No one familiar with the war in the east 1941-45 can fail to see parallels between events then and now.  The similarities are obvious.  Ukraine is smaller than Russia, its army is smaller, and it has less, although better equipment.  The Ukrainian army seems to be following the German way of war, maneuver warfare, or at least trying to.  It does appear to have developed the culture maneuver warfare requires, where results are more important than methods, decision-making is decentralized, initiative is desired more than obedience and it all rests on self rather than imposed discipline.  I find it interesting that a Slavic army seems able to do this; could the Russian army do the same?

At present it certainly cannot.  By 1944, perhaps 1943, the Red Army was equal to the Germans on the operational level.  It was never so on the tactical level, where the culture was strictly top-down.  Today, the Russians seem to have lost their ability on the operational level without improving on the tactical level.  I recall a conversation I had in the 1970s with John Ericson, the author of Road to Stalingrad and Road to Berlin.  He said to me, “Do you want to understand today’s Russian army?  Ask yourself what it was like under Tsar Nicholas I.”

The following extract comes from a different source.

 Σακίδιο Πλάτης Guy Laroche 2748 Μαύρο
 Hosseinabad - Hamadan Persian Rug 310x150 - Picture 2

All this would seem to leave Ukraine with good odds of victory.  But as we move from the board situation to specifics, the balance changes.  Having largely failed on the offensive, the Russian army has gone over to the defensive.  Clausewitz argues that the defensive is stronger than the offensive.  More, we know from military history that armies which are ineffective ont he offensive often fight much better on the defensive.  That was true of the Russians facing Army Group South in 1941, and may be true again today.  The Russians appear to have adopted a cordon defense, which is inherently weak, but they have built it in depth.  Much will depend on whether they have strong, mobile operational reserves that can counter-attack and encircle Ukrainian forces that break through; the dissolution of the Wagner Group may have hurt the Russians badly in this respect.

From the Ukrainian perspective, they face one problem that greatly hampered the Wehrmacht and another the Germans did not face.  The first is that they have a hodgepodge of equipment drawn from anywhere and everywhere, or produced in an endless variety of models, each with different parts.  The result is a logistics nightmare.  That in turn feeds into Ukraine’s second problem, one not facing the Wehrmacht: insufficient operational depth.

As I have said before, for Ukraine to win it needs to turn the conflict from a war of attrition to a war of maneuver.  But that requires deep thrusts that encircle masses of Russians.  They don’t have the operational depth to do that because they cannot cross the border into Russia itself.  So they face a Russian defense that has operational depth without that depth being available to the attacker.

I can see only one way around this: break through the Russian defenses at one end and then turn parallel to them in their rear and drive to their other end.  This would be classic German Durchbruch und Aufrollen at the operational level.  With major Ukrainian forces in their rear, the Russian linear defenses might collapse in a rout. 

But here is where Ukraine’s dog’s breakfast of equipment becomes a serious problem.  Through the Aufrollen aspect of the campaign, Ukraine’s supply line would be slow and vulnerable.  It would also have to carry ammunition and spare parts for a wide variety of tanks, air defense units, artillery, etc., meaning it would be enormous.  If Russia’s cordon defense collapses, the Ukrainian supply line could be shortened.  But if it doesn’t, Ukraine’s army could be trapped behind enemy lines without ammunition and spare parts.  That would mean the end of Ukraine.